Start of Block

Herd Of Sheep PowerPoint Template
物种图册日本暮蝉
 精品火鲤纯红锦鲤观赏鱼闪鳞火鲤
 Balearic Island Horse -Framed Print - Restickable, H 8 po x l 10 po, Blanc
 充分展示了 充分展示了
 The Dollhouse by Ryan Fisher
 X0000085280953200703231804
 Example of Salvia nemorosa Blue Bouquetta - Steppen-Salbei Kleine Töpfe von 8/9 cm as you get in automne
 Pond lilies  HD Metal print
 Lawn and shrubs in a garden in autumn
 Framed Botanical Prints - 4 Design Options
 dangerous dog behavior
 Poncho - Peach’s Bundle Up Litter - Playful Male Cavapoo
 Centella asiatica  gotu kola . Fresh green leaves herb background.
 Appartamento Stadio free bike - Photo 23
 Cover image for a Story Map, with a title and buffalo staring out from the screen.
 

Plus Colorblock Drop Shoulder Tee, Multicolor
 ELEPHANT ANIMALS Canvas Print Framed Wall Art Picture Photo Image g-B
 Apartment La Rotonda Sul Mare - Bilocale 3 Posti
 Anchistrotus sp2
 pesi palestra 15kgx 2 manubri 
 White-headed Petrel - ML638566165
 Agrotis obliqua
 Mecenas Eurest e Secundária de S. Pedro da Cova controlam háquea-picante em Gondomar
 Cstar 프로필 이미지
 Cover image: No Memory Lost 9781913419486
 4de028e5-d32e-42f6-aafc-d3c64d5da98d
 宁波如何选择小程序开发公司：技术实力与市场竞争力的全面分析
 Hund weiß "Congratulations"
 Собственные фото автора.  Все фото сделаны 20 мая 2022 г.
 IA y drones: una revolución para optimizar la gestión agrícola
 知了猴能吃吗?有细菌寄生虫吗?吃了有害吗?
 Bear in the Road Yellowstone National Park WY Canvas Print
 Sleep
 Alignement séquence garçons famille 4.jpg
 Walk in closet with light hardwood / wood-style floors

End of Block

What you need to do
One stretch of the lines above is wanted, from the line that contains "Anchistrotus sp2" through the line that contains "宁波如何选择小程序开发公司：技术实力与市场竞争力的全面分析". Output it exactly.

Worked solution
 Anchistrotus sp2
 pesi palestra 15kgx 2 manubri 
 White-headed Petrel - ML638566165
 Agrotis obliqua
 Mecenas Eurest e Secundária de S. Pedro da Cova controlam háquea-picante em Gondomar
 Cstar 프로필 이미지
 Cover image: No Memory Lost 9781913419486
 4de028e5-d32e-42f6-aafc-d3c64d5da98d
 宁波如何选择小程序开发公司：技术实力与市场竞争力的全面分析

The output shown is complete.